Update: I decided to take my own advice about declaring functions constexpr where possible, and made all the constructors constexpr. Now the declaration,

  constexpr Money one_million_GBP(1e6),
                  minus_twelve_forty_GBP( -12, 40 ),
                  lotta_money = 4.62e15_L;

compiles (on clang++13 with std=c++20 -O3 -march=x86-64-v4) to:

mov     qword ptr [rsp + 72], 1000000000
mov     qword ptr [rsp + 64], -12400
movabs  rax, 4620000000000000000

It could be a huge boost in performance if your Money objects can be optimized into compile-time integer constants.

There’s another way to optimize this class, and other tiny classes, that I did not do. Since it’s trivially-copyable and so small that an object can fit in a register, there is no reason to pass it by const reference. If you pass it by value instead, some variables that might otherwise need to be spilled onto the stack to take their address can instead stay in registers.

This code outputs the non-ASCII pound sign. This should work on modern OSes, but if you’re having some difficulty on an older version of Windows, you might want to give CL.EXE the flag /utf-8 and set chcp 65001 in your console window.

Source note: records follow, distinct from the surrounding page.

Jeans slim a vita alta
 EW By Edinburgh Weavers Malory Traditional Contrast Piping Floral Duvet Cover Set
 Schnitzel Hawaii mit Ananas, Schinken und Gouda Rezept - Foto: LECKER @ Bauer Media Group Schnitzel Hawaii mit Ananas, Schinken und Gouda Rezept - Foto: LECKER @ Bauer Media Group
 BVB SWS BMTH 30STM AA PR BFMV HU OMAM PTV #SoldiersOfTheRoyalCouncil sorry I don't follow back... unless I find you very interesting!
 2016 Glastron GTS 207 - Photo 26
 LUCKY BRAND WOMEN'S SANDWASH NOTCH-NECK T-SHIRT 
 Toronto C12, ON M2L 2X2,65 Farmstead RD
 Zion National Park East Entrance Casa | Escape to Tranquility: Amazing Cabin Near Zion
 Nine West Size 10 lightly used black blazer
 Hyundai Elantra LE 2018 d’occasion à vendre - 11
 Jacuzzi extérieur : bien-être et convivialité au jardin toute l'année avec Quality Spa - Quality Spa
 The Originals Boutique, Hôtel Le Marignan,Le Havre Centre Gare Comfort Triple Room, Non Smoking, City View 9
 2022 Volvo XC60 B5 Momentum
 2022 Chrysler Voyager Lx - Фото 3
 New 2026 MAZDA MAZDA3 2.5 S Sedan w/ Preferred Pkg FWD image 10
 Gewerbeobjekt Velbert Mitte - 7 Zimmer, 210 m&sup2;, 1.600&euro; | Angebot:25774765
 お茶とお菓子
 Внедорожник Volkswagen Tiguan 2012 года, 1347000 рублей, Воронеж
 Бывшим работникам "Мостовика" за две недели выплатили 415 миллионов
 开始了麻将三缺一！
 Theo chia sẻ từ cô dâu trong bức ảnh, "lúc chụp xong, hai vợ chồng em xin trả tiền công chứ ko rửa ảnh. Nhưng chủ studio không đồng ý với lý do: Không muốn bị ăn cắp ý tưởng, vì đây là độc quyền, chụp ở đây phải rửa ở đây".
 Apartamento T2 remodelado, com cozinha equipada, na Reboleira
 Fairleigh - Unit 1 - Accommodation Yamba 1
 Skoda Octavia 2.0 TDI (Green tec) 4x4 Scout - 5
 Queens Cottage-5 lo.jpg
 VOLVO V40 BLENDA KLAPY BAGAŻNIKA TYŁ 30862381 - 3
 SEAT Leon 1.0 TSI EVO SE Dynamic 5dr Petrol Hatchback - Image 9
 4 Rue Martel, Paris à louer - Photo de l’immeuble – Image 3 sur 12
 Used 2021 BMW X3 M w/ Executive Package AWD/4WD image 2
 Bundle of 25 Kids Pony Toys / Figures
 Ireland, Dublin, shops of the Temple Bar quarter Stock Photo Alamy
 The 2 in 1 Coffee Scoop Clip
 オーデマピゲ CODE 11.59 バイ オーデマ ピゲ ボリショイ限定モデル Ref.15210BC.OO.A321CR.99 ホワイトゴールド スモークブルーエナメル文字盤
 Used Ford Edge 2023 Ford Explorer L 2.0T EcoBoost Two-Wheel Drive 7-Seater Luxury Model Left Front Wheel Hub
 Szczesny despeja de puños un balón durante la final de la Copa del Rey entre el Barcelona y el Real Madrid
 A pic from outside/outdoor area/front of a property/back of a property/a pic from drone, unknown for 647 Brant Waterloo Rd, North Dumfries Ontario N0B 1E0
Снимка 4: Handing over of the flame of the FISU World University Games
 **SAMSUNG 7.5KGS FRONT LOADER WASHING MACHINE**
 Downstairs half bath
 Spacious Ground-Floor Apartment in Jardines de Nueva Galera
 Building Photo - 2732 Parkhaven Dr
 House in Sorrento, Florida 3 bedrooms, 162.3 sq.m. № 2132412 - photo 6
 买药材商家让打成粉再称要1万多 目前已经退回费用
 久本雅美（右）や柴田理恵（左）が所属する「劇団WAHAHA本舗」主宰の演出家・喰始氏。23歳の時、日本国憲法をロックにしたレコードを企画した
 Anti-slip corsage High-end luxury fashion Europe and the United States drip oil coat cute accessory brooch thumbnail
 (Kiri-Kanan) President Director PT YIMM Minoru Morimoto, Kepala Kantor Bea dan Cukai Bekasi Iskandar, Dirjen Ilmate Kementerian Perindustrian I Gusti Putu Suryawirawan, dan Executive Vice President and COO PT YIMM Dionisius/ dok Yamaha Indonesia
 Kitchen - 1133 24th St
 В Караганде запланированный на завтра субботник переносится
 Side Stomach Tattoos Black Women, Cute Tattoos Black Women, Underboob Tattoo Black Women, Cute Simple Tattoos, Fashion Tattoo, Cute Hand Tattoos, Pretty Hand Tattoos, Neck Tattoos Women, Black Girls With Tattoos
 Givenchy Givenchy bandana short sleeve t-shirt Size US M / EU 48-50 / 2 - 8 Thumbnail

One word of explanation about something that might not be obvious: because I made the public constructors more complicated, I wanted to add a more lightweight private constructor that set the internal field directly. Since the compiler would otherwise be unable to tell when I was calling the public or private constructor, I created a nullary Money::dummy_t type solely to make sure the type signature of the private constructor was unique. This solution was a bit ungainly, but it’s not part of the public interface anyway.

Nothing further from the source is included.